To understand the real truth about the Incarnation, we need to ponder over the effects of it on us as human beings. Incarnation ceases to be merely a historical event in the past which is recalled and applied to our outer lives. There is an inward aspect to it which consists in God entering into Universal human nature which is common to all human beings in space and time. It becomes present here and now when our inner lives are transformed by it. Christ is an irresistible force within us, uniting us with God. Our spiritual life should essentially be God-centered in Christ. We should not see Christ as an external centre of worship and devotion but one with whom we are already united the moment we enter the Ground of the soul. We become sons in the Son.
We are not to be pre-occupied with the historical figure of Christ. As a matter of fact, we do not find in the writings of St. Paul any reference to Christ’s historical life as he had never met him in that form and he did not give it much significance. He knew only the Risen Christ who appeared to him at Damascus. It should be the same with us too. We shall never meet the historic Christ but only the Risen Christ. That encounter is with Christ as a living, active force within us in the present moment rather than in our imagination as Jesus who walked around Palestine.. Rather than follow Christ or believe in Christ, we ought to become Christ. And in becoming Christ we discover the essential paradox of his nature and ours: that we are creatures of the flesh yet destined for the immortal life of the spirit. As the Psalmist says, “You are gods, you are all sons of the most high but you shall die like other mortals” (Ps.82:6-7.) Here is the paradox of our existence. It is the paradox of Christ once we become one with him in the Soul’s Ground. Jesus is the archetypal human being, the basic pattern we are all faithful copies of in some way or other. The fact that we are historical cannot be ignored but every one of us is destined to transcend history, space and time. As historical persons possessing a physical body, our life line with God is the breath of life that is drawn into our lungs throughout the length and breadth of each day. If our awareness is focused on it we maintain that link with divinity consciously. We shall soon become aware that the sound of our breathing is indeed the name of Jesus. (Ye…su)
Evelyn Underhill, a modern writer on mysticism grasped this sense of the Cosmic Christ yearning to be born when she said: “The Incarnation, which is for popular Christianity synonymous with the historical birth and earthly life of Jesus Christ, is for the mystic not only this but also a perpetual Cosmic and personal process. It is an everlasting bringing forth, in the universe and in the individual ascending soul, of the divine and perfect life, the pure character of God.” Evelyn Underhill“People think God has become a human being there – in his incarnation – but that is not so; for God is here – in this very place – just as much incarnate as in a human being long ago. And this is why God has become a human being; that God might give birth to you as the only begotten Son, and as no less”, says Meister Eckhart.
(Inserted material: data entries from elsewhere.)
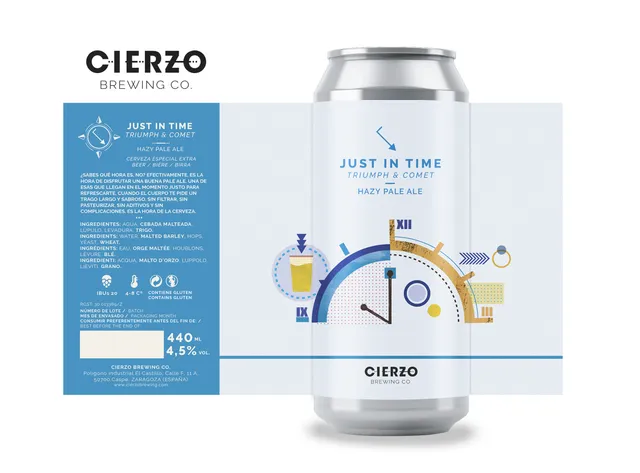 Cierzo Just in Time Triumph Comet birra Pale Ale 12 lattine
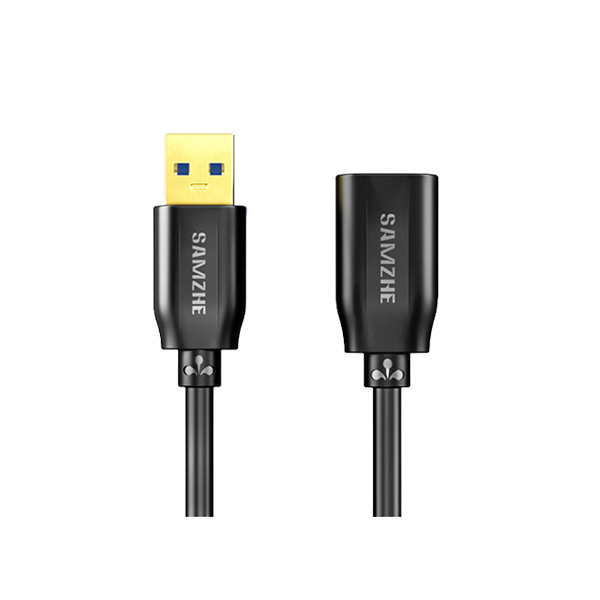 SAMZHE/山泽 USB3.0延长线(公对母) UK-030 3m 黑色 1根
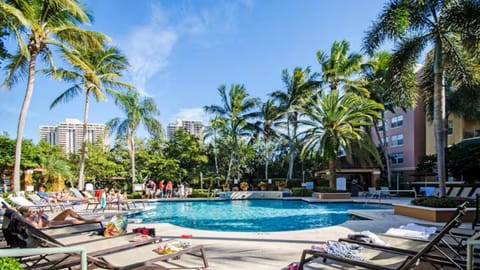 Day, Swimming pool, sunbed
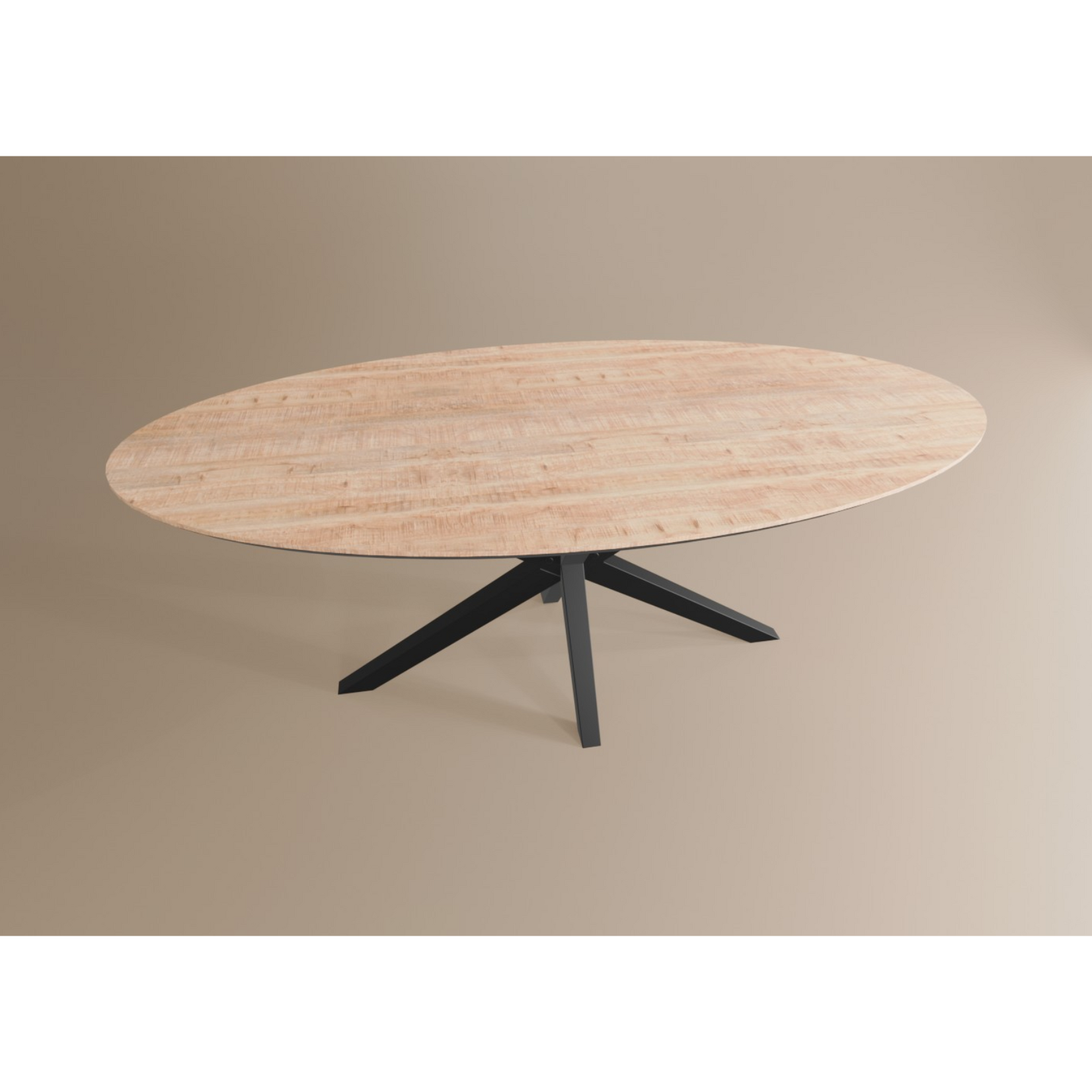 Salontafel Ovaal Lamulux 135 x 67 x 42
He celebrates the human person as the full growth of the seed of God. “The seed of divine nature is the Son of God, the Word of God. The seed of God is in us… Now the seed of a pear tree grows into a pear tree…the seed of God into God. It is given to every person to become the child of God, substantially indeed in Christ, but in himself or herself by adoption through grace.”
The divinity and humanity of Christ has to be held in right balance to have a correct notion of Christ and ourselves. If we want to know what it truly means to be human, Jesus is the supreme example and demonstration. Over emphasis of Jesus’ divinity would be at the expense of his humanity. We would have difficulty in reconciling ourselves with the physical elements in him as well as in ourselves. If, on the other hand, we stress the humanity of Christ at the expense of his divinity we would lose sight of the transcendent element. It is very hard to face the fact for a being who is both divine and human, spiritual and material, mortal and immortal. The temptation is always to simplify the picture, to get rid of the painful paradox by suppressing one of the components. A being who is wholly spiritual and divine, will not be troubled by the humiliating worldly facts of suffering, weakness and death. That is what a Hindu friend of mine in Tiruvannamalai said when I told him about Christ’s sufferings on the cross: “Father, if Christ were to be God he could not have suffered.” On the other hand, a being who belongs entirely in this world can cheerfully get on with the task of improving his environment without being distracted by thoughts about the beyond. To accept both the elements of the paradox, to recognize their truth and to attempt to live them is difficult and uncomfortable. However, it is the only way open to truth and life. If we accept this fact about Jesus of Nazareth, we ought to accept the same in the reality of our being too.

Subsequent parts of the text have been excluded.